> _Available data_:
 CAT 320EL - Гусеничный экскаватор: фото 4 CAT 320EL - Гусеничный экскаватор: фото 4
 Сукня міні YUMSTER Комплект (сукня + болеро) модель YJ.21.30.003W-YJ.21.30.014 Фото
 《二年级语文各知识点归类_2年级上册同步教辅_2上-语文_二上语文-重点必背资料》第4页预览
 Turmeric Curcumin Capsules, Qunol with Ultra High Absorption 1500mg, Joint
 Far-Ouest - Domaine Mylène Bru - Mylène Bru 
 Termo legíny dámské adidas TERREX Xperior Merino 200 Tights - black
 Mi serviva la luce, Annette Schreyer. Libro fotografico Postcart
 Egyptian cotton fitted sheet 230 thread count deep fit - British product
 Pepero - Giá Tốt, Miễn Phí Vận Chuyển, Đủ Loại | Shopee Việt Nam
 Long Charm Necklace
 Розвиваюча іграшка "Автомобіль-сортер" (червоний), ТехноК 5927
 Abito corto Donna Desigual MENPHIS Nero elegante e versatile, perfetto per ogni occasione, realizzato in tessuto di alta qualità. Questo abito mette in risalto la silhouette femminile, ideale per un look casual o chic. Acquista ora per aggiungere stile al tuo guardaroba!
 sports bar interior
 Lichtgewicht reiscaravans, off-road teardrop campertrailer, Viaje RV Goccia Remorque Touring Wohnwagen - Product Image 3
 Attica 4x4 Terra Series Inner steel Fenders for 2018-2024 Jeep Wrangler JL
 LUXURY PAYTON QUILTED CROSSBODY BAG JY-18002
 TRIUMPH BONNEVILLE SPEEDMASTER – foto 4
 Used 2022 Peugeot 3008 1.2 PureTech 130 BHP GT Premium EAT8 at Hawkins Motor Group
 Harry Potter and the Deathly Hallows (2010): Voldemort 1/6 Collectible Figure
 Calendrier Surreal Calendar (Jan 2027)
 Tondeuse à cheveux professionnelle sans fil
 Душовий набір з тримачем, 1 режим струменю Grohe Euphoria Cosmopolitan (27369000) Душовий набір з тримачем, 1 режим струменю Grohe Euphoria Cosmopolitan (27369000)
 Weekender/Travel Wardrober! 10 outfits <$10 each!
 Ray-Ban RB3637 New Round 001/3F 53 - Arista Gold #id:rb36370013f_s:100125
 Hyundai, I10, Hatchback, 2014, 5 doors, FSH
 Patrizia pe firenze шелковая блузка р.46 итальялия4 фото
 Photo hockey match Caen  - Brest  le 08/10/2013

> _Description of the task_:
Print exactly the lines above from the one with "Egyptian cotton fitted" to the one with "(червоний), ТехноК 5927", including both.

> _Task solution_:
 Egyptian cotton fitted sheet 230 thread count deep fit - British product
 Pepero - Giá Tốt, Miễn Phí Vận Chuyển, Đủ Loại | Shopee Việt Nam
 Long Charm Necklace
 Розвиваюча іграшка "Автомобіль-сортер" (червоний), ТехноК 5927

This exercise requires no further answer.